I'm looking for an example implementation of a system using design patterns.
The best example would be something like a wash machine with button interface, a display, etc and then an approach how to apply design patterns to implement the system.
Do you know where can I find such simple examples?
It is unlikely that you will find a design pattern that fits a washing machine or any other fully completed device.
Design patterns are more commonly used to model interfaces and workings of small components.
I personally think that the Observer Pattern is highly illustrative of how a pattern can effectively be used in embedded systems.
First the pattern:
And here is an implementation:
So where might the Observer Pattern (aka Publish/Subscribe) be used? Anywhere an asynchronous event is to be handled from the oversvable (publisher) to the observer (subscriber). These might include:
- Interrupt triggers in general
- Timer events
- Input notifications from serial ports from all kinds: UART, SPI, I2C
- Even a Washing Machine: Rinse Cycle Complete Event notification.
Why use this or any other pattern?
The point of a pattern, or any abstraction for that matter, is the reduce component coupling. The Observer and Observable agree on a standard interface. Now each component can change their implementation without breaking code in the other component.
If a pattern does not provide this reduction in code coupling then it is possible that the pattern is not being used properly.
Patterns should fit their usage intuitively. In other words they should make sense. They should improve code readability and maintainability. It should also make testing easier since the unit can be encapsulated with interfaces and removed from its embedded environment.
The potential downside to code decoupling is reduced performance (maybe).

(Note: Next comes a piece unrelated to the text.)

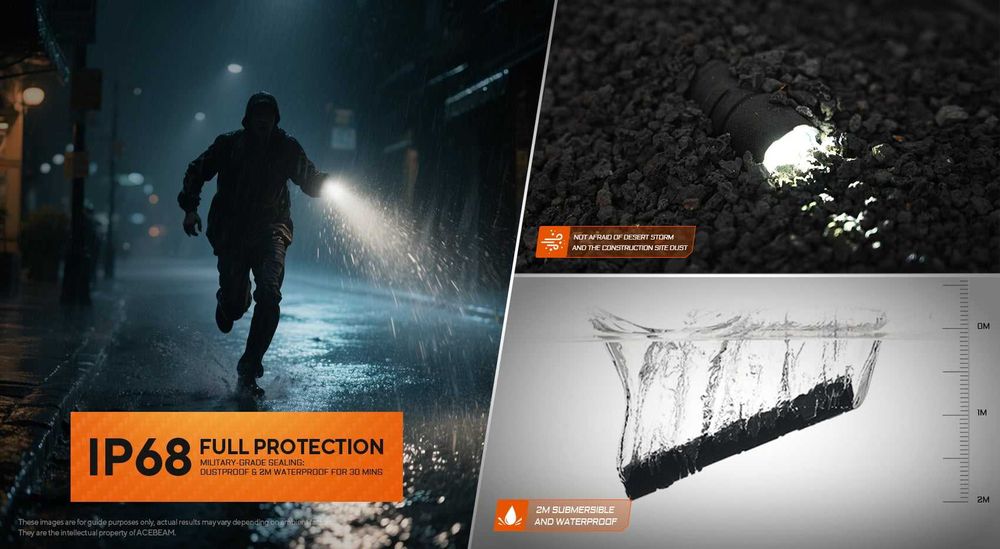 ACEBEAM TAC 2AA Ліхтар Тактичний (1600 Люмен 181 Метрів - USB-C)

Thanks! The Observer Pattern looks easy to understand and with great use!
Design patterns haven't figured much into the simple embedded systems I've worked on - a wash machine would fall into that category. Simple embedded devices are event driven architectures where memory is statically allocated and the relationships between event producers and consumers is fixed and well understood. A pub-sub model between internal layers isn't something I see. At most I have seen dependency injection techniques where a device can be configured at build time to use one peripheral rather than another via a common interface. This kind of abstraction is useful for testing and code reuse but a waste of time unless you have to support a family of products that can use a variety of similar hardwares (ie: substituting a different display, camera, memory chip, serial byte stream from various media, etc.).